As regiões produtoras de café no Sul de Minas e na Alta Mogiana também sentiram os efeitos das geadas. Apesar de a safra atual (2025) já estar bem avançada, o frio acendeu um alerta em relação à safra de 2026. Isso porque a geada pode danificar os ramos e comprometer o potencial produtivo do próximo ciclo. Além de reduzir a produtividade, o frio intenso pode afetar a qualidade dos grãos, o que impacta diretamente os preços no mercado.
Além disso, nas últimas semanas as geadas atingiram as lavouras de cana-de-açúcar em estados como Mato Grosso do Sul, Minas Gerais, São Paulo e Paraná. Com temperaturas próximas ou abaixo de 0 °C, muitos canaviais apresentaram folhas queimadas, rachaduras nos colmos e morte das gemas apicais, danos que reduzem o desempenho agrícola e exigem ação técnica imediata para conter os prejuízos.
No Sul do país, por sua vez, as geadas queimaram as folhas mais jovens de plantações de tabaco, deixando-as escurecidas e quebradiças. O que pode comprometer tanto a aparência quanto a qualidade do produto final.
Já o algodão, cuja safra 2024/25 está em fase de colheita, enfrenta atrasos devido às chuvas fora de época somadas às baixas temperaturas. As precipitações registradas em importantes áreas produtoras, como Mato Grosso e Mato Grosso do Sul, dificultam a entrada das máquinas nas lavouras e colocam em risco a qualidade da pluma. A colheita sob tempo úmido também aumenta as exigências nos padrões de comercialização, trazendo ainda mais preocupação aos agentes do setor.

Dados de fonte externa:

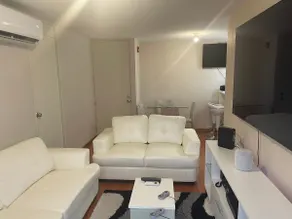 New Apartment near the airport with parking - Image 2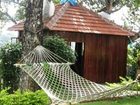 фото отеля Chamundi Hill Palace Ayurvedic Resort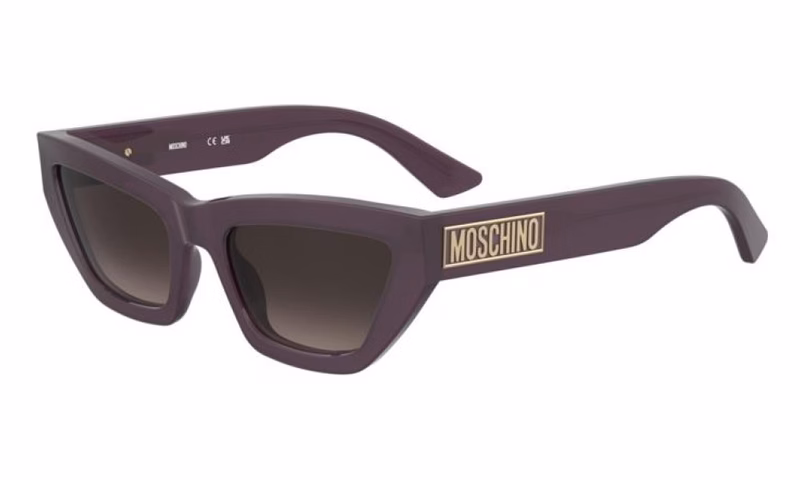 Moschino MOS182/S 0T7 HA Moschino MOS182/S 0T7 HA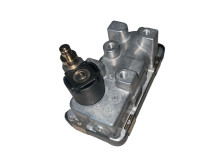 Actuator 6NW009550-211 009550-21 6NW 009 550-211 767649-0074 767649-74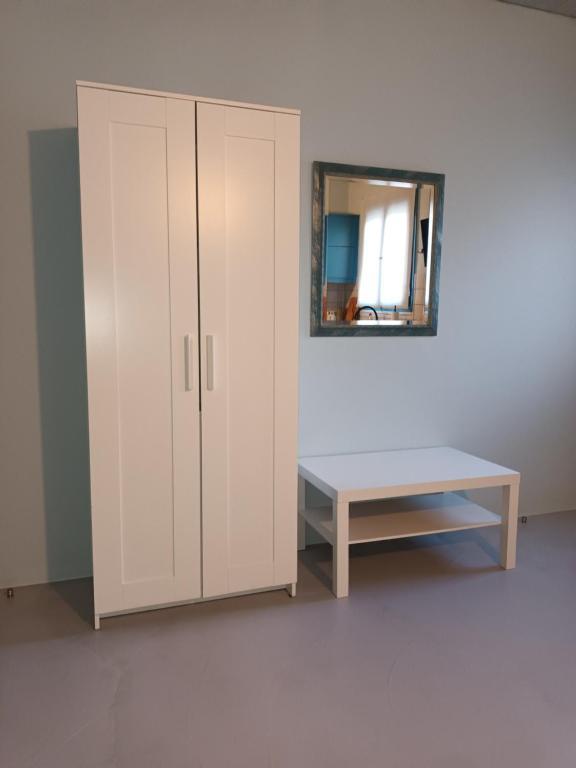 Studio Bella Epidaurus Dış mekan fotoğraf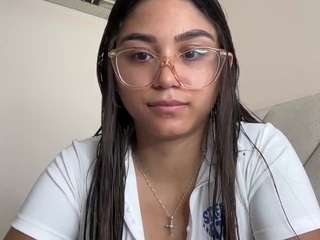 anawilson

O que esperar daqui pra frente?
O inverno ainda está em andamento, e a possibilidade de novas ondas de frio não está descartada. Apesar de julho estar sendo marcado por uma janela de estiagem e tendência de termômetros em elevação no país, as previsões sugerem o retorno das chuvas entre o final do mês e a continuidade delas em agosto sobre a região Sul. Por isso, é essencial que os produtores se mantenham informados e acompanhem os boletins meteorológicos com atenção. Afinal, o monitoramento constante do clima possibilita a adoção de estratégias de manejo, fundamentais para mitigar os riscos e proteger o que está no campo.